▼

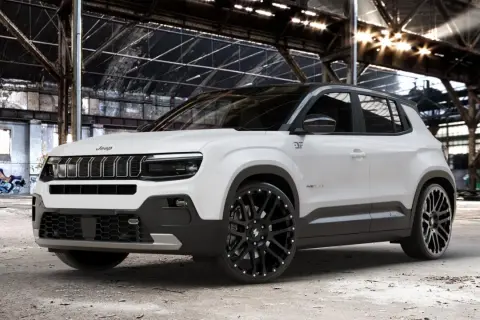 Weißer Jeep mit auffälligen schwarzen Alufelgen 22 Zoll in einer alten Fabrikhalle.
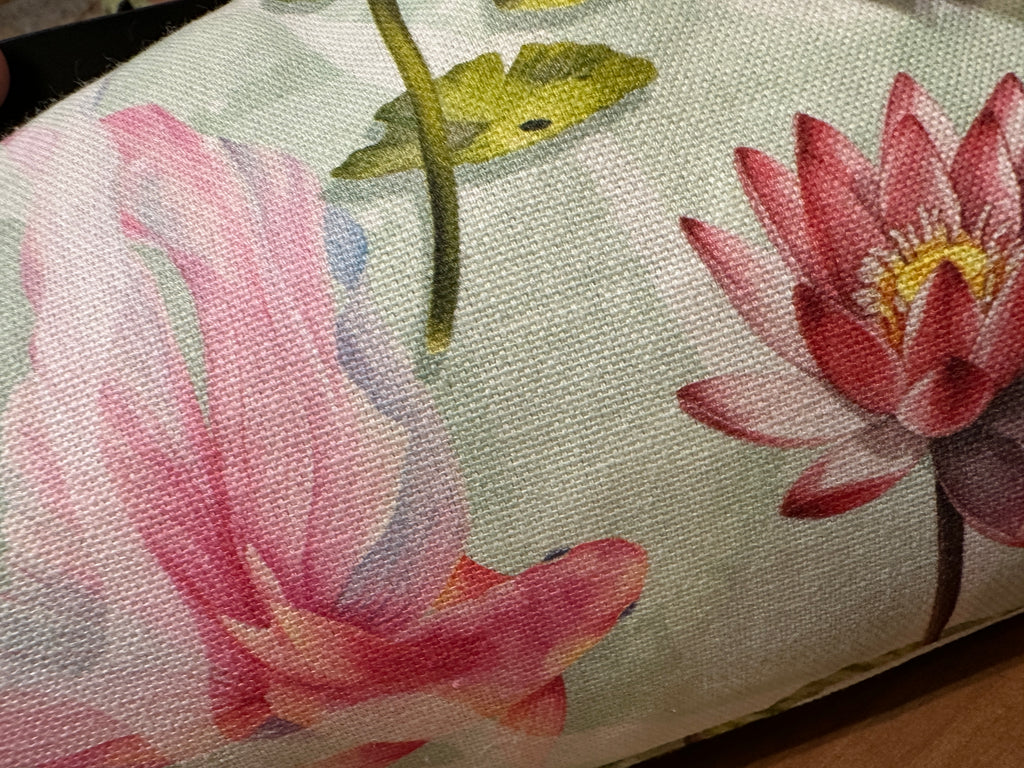 Borsa Artigianale Toscana "Loto" – Clutch in Tessuto Floreale con Dettagli in Legno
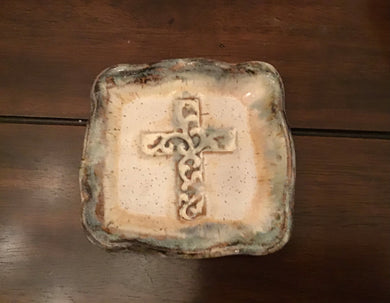 Faithful Cross Plate-White
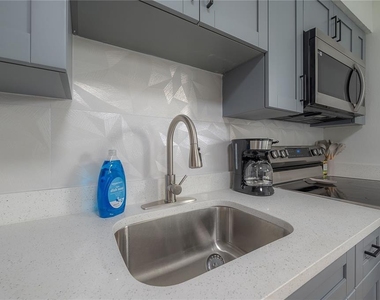 6908 S Macdill Avenue - Photo Thumbnail 12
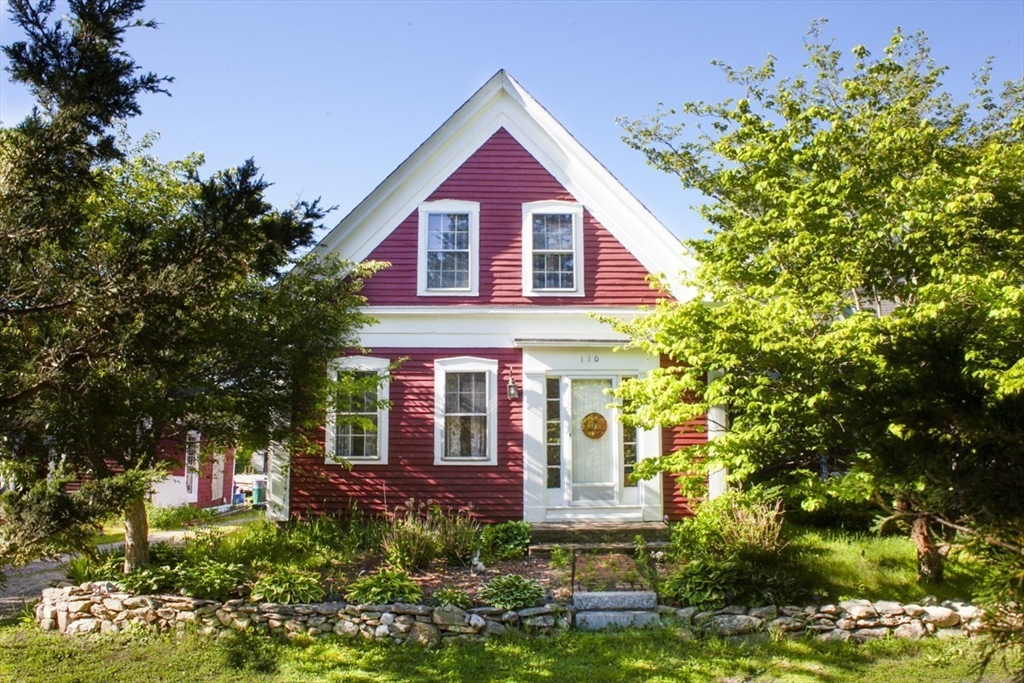 110 Center St in Plympton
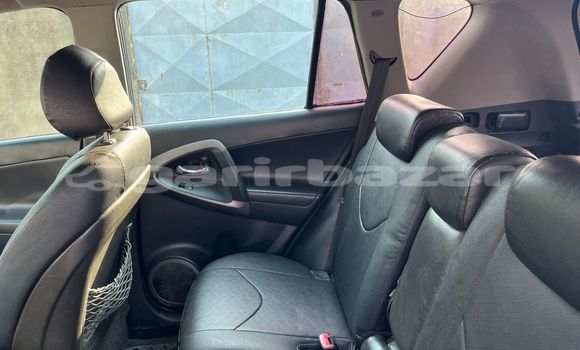 Acheter Occasion Voiture Toyota RAV4 Noir à Douala, Littoral Cameroon Acheter Occasion Voiture Toyota RAV4 Noir à Douala, Littoral Cameroon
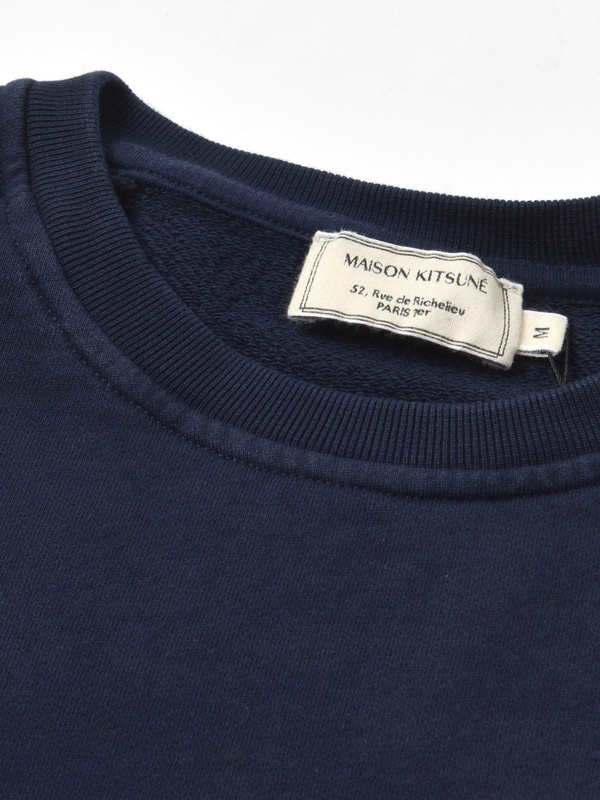 Maison Kitsuné FOX HEAD PATCH ADJUSTED SWEATSHIRT - NAVY Maison Kitsuné FOX HEAD PATCH ADJUSTED SWEATSHIRT - NAVY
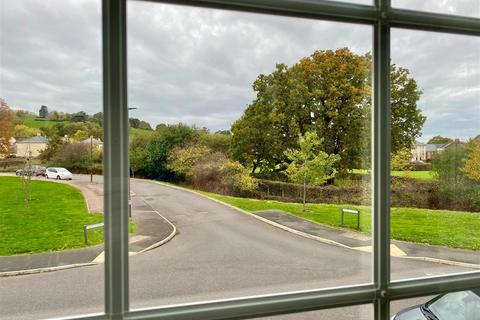 63 Guan Road, Brockworth, Gloucester, GL3 4RJ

▲

YOUR TASK >>
Images stay out, but the rest of the data above must be repeated exactly.

YOUR SOLUTION >>
 Weißer Jeep mit auffälligen schwarzen Alufelgen 22 Zoll in einer alten Fabrikhalle.
 Borsa Artigianale Toscana "Loto" – Clutch in Tessuto Floreale con Dettagli in Legno
 Faithful Cross Plate-White
 6908 S Macdill Avenue - Photo Thumbnail 12
 110 Center St in Plympton
 Acheter Occasion Voiture Toyota RAV4 Noir à Douala, Littoral Cameroon Acheter Occasion Voiture Toyota RAV4 Noir à Douala, Littoral Cameroon
 Maison Kitsuné FOX HEAD PATCH ADJUSTED SWEATSHIRT - NAVY Maison Kitsuné FOX HEAD PATCH ADJUSTED SWEATSHIRT - NAVY
 63 Guan Road, Brockworth, Gloucester, GL3 4RJ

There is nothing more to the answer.